In case Nevadans needed another reason why ride-sharing services such as Uber must be allowed to operate in the state, the Taxicab Authority Board provided one at its Tuesday meeting.
The taxicab industry, overregulated and inflexible by design, doesn’t always serve its customers well because it can’t adjust to the pressures of supply and demand on the fly. The Taxicab Authority, which exists primarily to protect existing companies from outside competition and each other, tightly controls the number of cabs that can operate on the streets. On Tuesday, the board decided to allow more cabs for the Electric Daisy Carnival, the electronic music festival that will attract hundreds of thousands of attendees to Las Vegas Motor Speedway from June 19-21.

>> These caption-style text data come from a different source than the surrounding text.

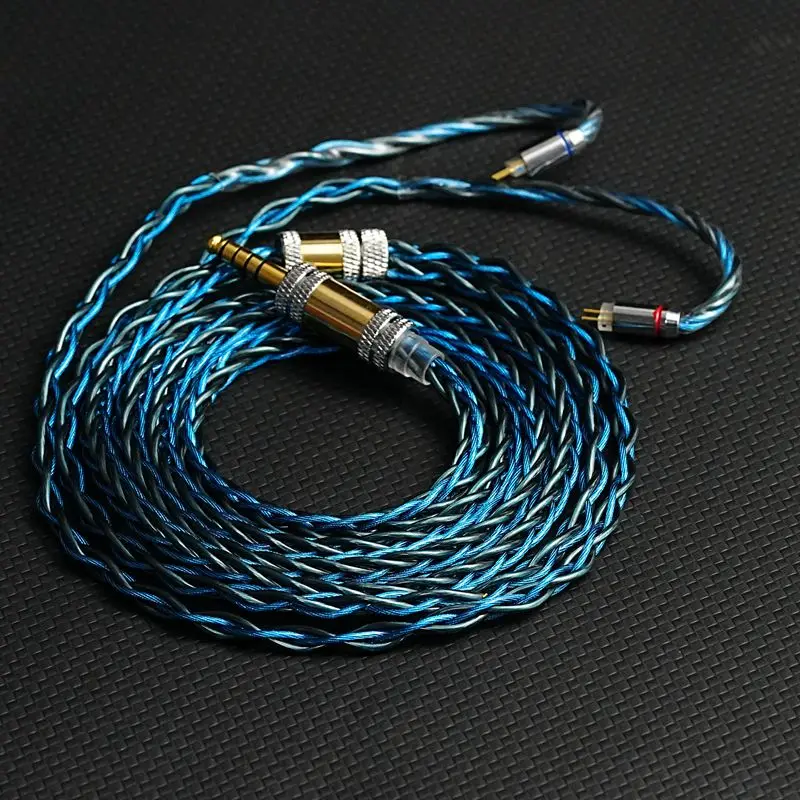 XINHS-Cable de auriculares Enchapado en plata, conector Coaxial blindado de cobre y cristal individual, H06 8N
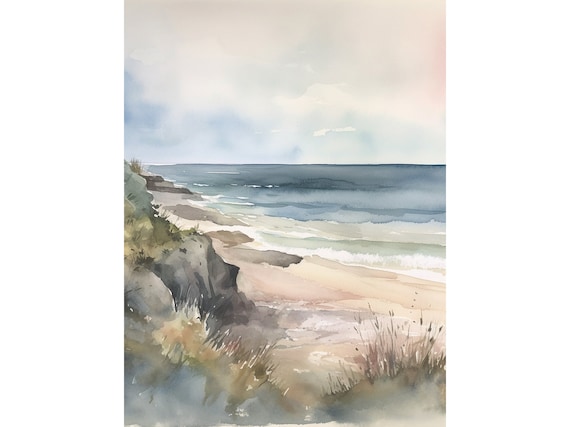 Coastal Watercolor Painting Cape May Print Seaside Wall Art Neutral Beach House Wall Decor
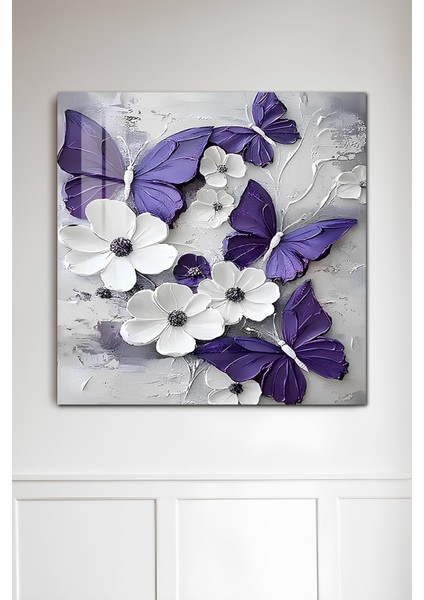 3D Görünümlü Temperli Cam Tablo – Mor Kelebek ve Çiçek Teması Uv Baskı 33X33 CM-CTK031 fiyatları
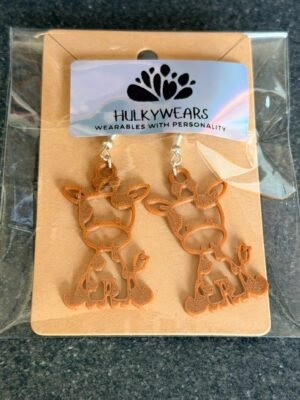 HulkyWears earring backing card showing 3D printed earring care guide - included with every pair of HulkyWears earrings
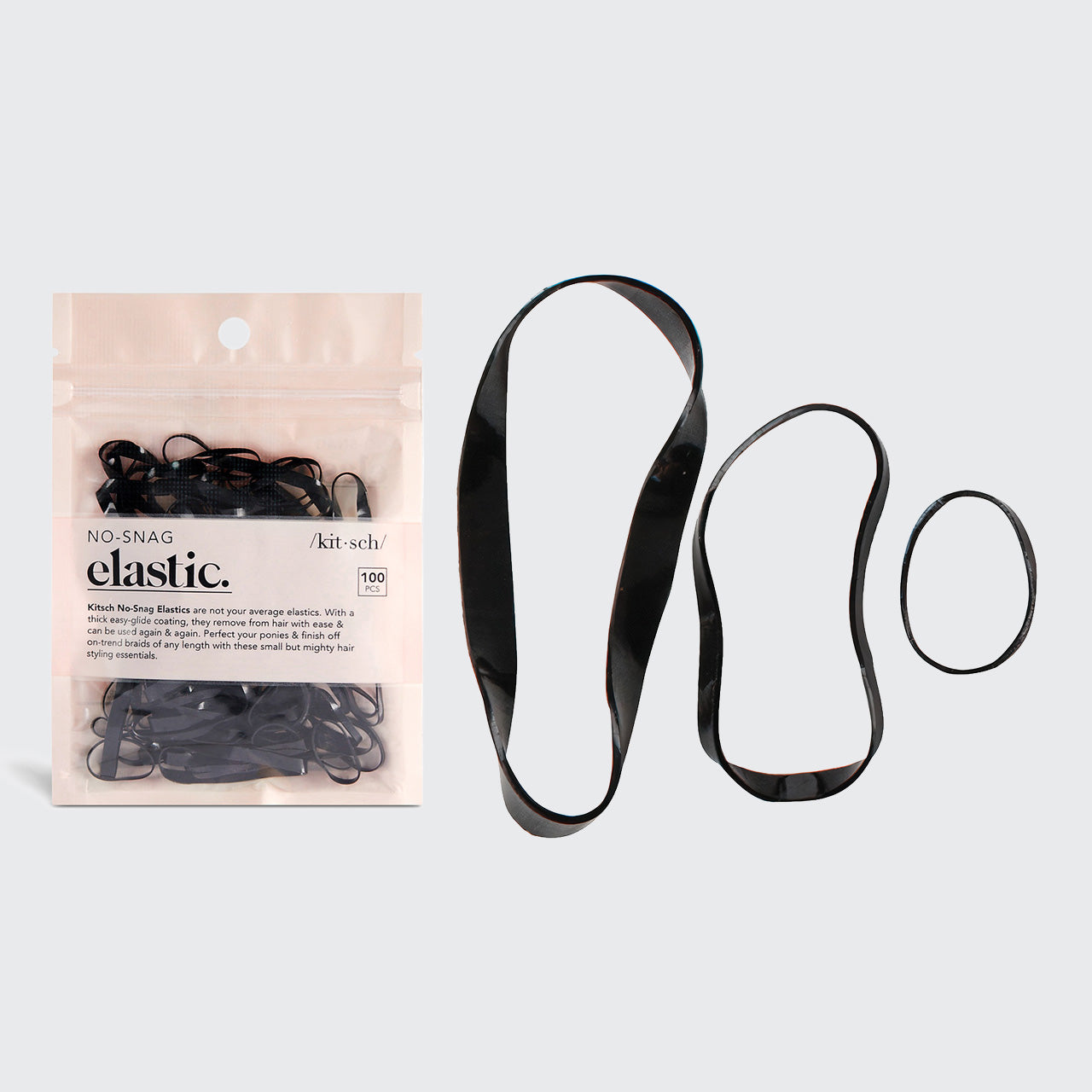 Black No-Snag Elastics 100pc Set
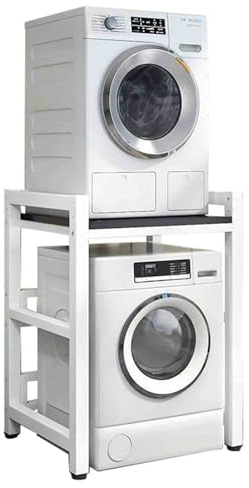 Floor Standing 2 Tier Washer Dryer Stacking Rack, Height Adjustable, Washer Storage Rack Unit For Front Load Washers and Tumble Dryers, 350kg Capacity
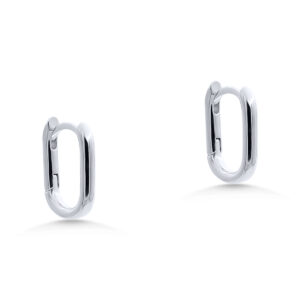 Silver Small Paperclip Huggies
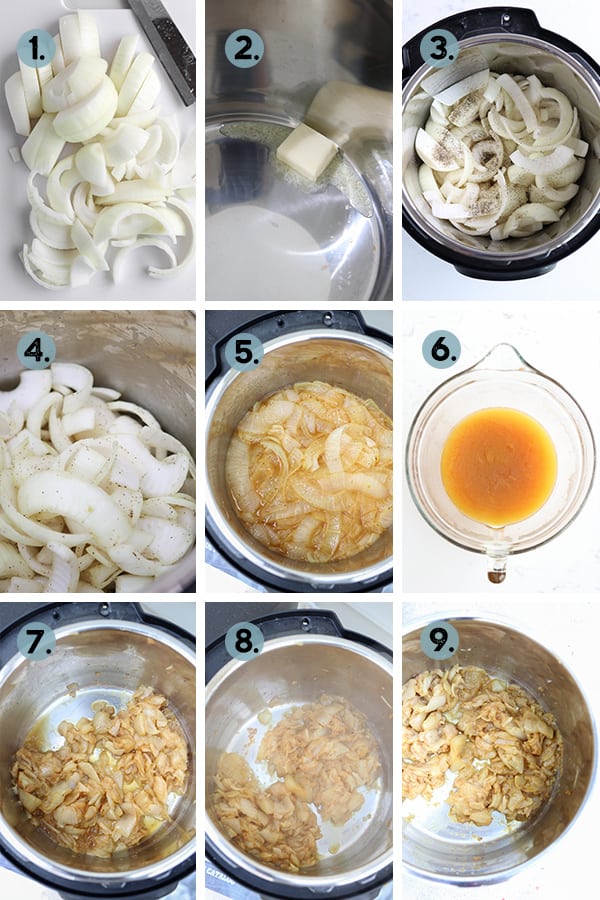 Step by step collage of how to make Instant Pot Caramelized Onions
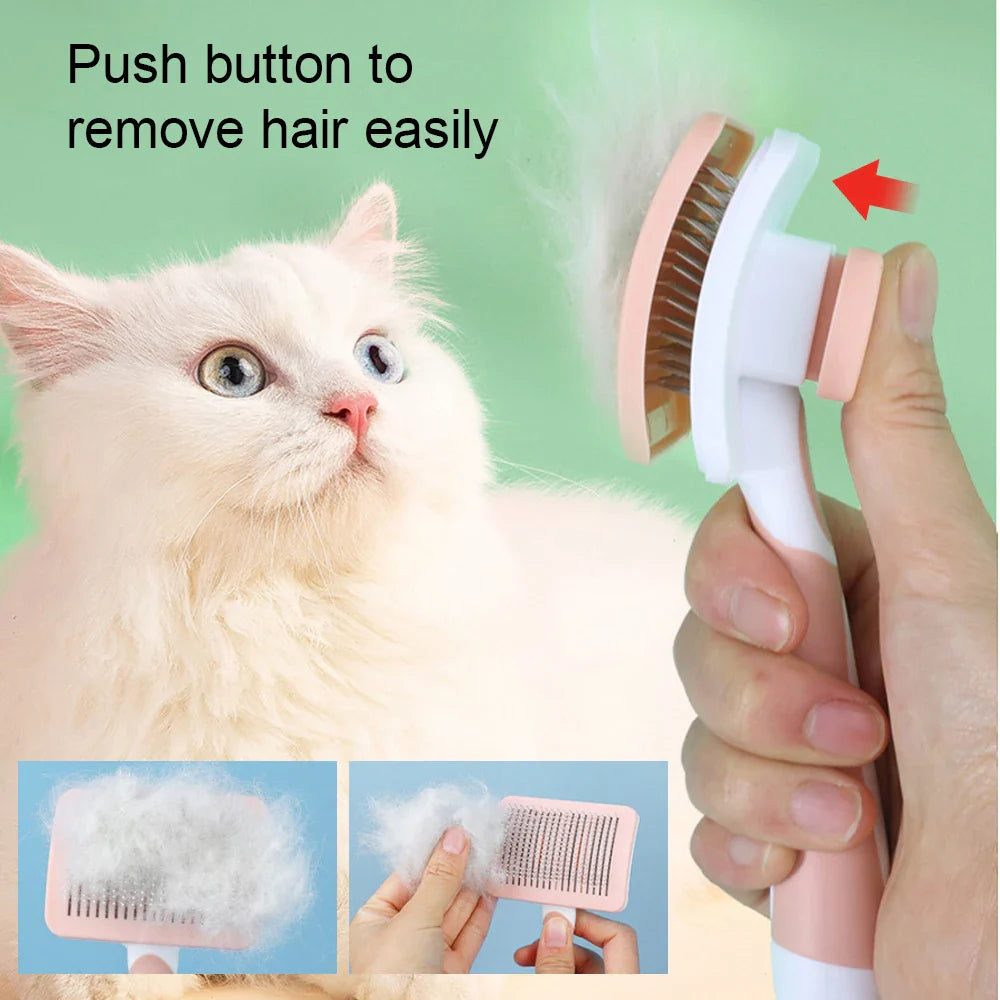 Pet Grooming Comb: Stainless Steel Needle Brush for Cats Dogs - Shedding Tool & Skin Care - ourlum  ourlum.com   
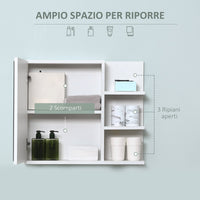 Specchio da Bagno a Parete con Armadietto e Ripiani 60x18x50cm Bianco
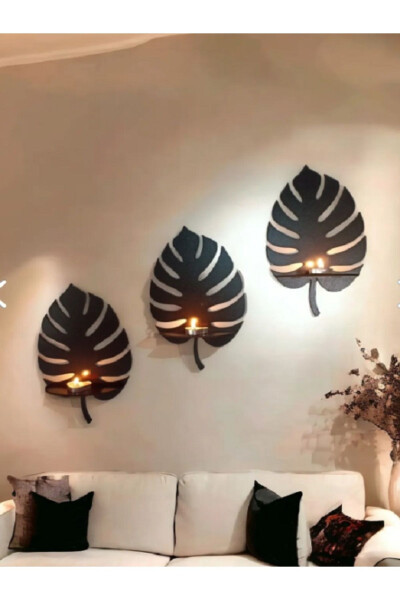 Home Office Wall Decoration 3-Piece Leaf Candle Holder Set Wooden Wall Decorative Accessory - 3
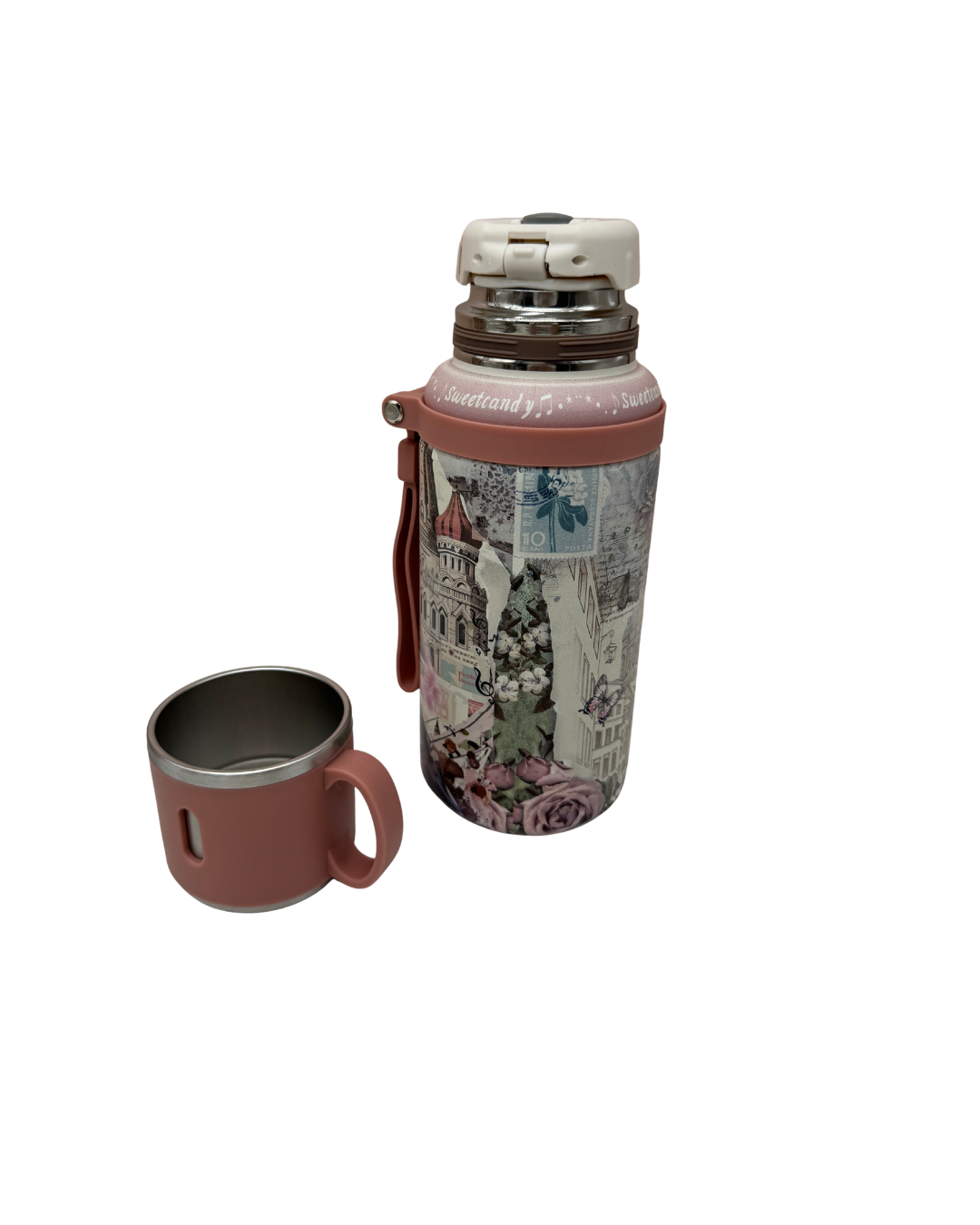 Termo Sweet Candy 750 ml con Taza – Violinista Vintage Rosa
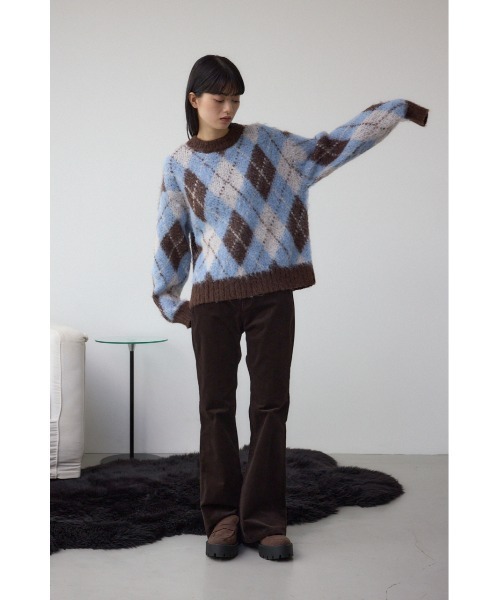AZUL by moussy（アズールバイマウジー）の「アーガイルシャギーニット（ニット/セーター・レディース・ブラック系その他/ブラウン系その他/レッド系その他・SMALL/MEDIUM）」の7枚目の写真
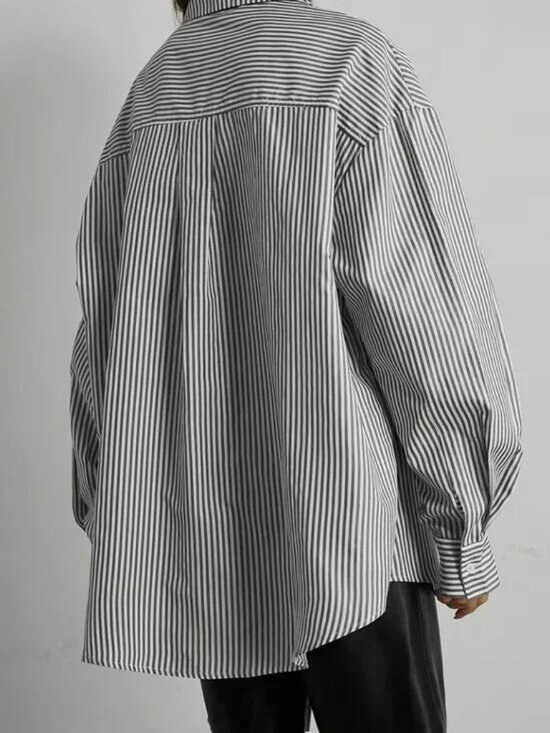 Loose-fit Boyfriend Style Striped Bow Shirt - Picture 3 of 6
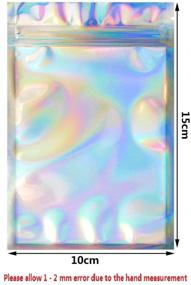 img 3 attached to 🌈 100-Pack Resealable Smell Proof Bags, Foil Ziplock Bags for Food Storage, Clear Flat Ziplock Pouches, Aluminum Foil Bags for Packaging, Holographic Rainbow Color, 4x6 Inch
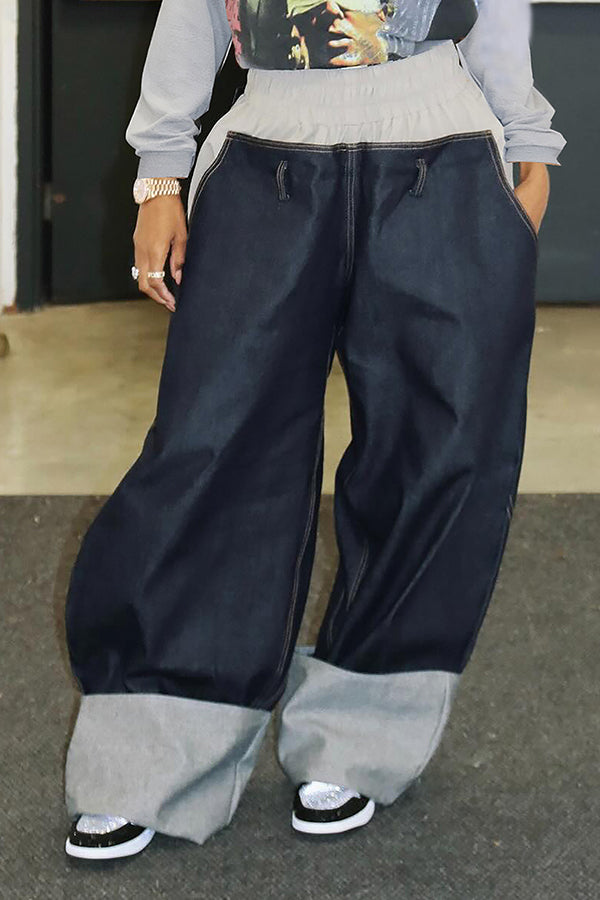 Baggy Patchwork High Rise Wide Leg Jeans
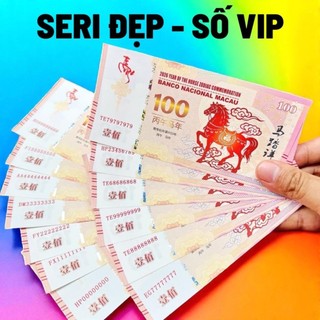 [SERI ĐẸP VIP] Tờ Tiền Ngựa Macao 100 Lưu Niệm Số Seri Đẹp, Full Bát Quý 0-9, Sảnh Tiến, Taxi 68-79
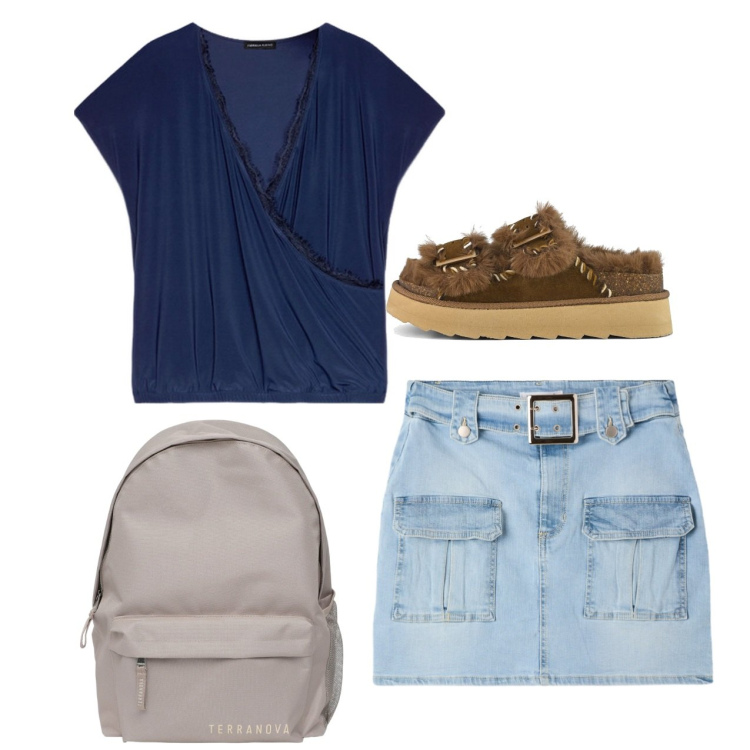 Outfit donna - City. Stile Casual per Tutti i giorni. Abbinamento con minigonne, zaini, bluse, sandali.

Hotels and restaurants adjust staffing all the time based on visitor projections, reservations and special event schedules, but a state board must give cab companies permission to serve visitors who’ll need a ride from the Strip to the speedway and back. Imagine a baker needing a regulatory body’s approval to make more muffins because of anticipated demand, and that body taking into consideration the effect on other bakers before making a decision. It’s absurd.
Untold thousands of Electric Daisy Carnival attendees won’t look to the cab line for a lift. They’ll pull out their smartphones and tap the Uber app to hail a private car, just as they do at home or while traveling around the country. But the app won’t work because last year Nevada became the first state to shut down Uber. And those visitors will be completely justified in asking, “Could this place be more backward?”
It will take a new state law to allow Uber to operate here, and the Nevada Legislature, less than two weeks from adjournment, is running out of time to pass enabling legislation.
Using an app-based platform, Uber and similar transportation network companies connect drivers to passengers, generally in less time and for less money than taxis. Uber drivers, who use their own cars and work for themselves, have an incentive to be courteous, to maintain their vehicles and to drive safely: Passengers rate their service, which influences whether other riders are willing to use them. And drivers rate passengers, which gives riders an incentive to be ready for pickup, be polite and tip good service. Drivers and passengers who compile poor ratings can effectively shut themselves out of the service entirely.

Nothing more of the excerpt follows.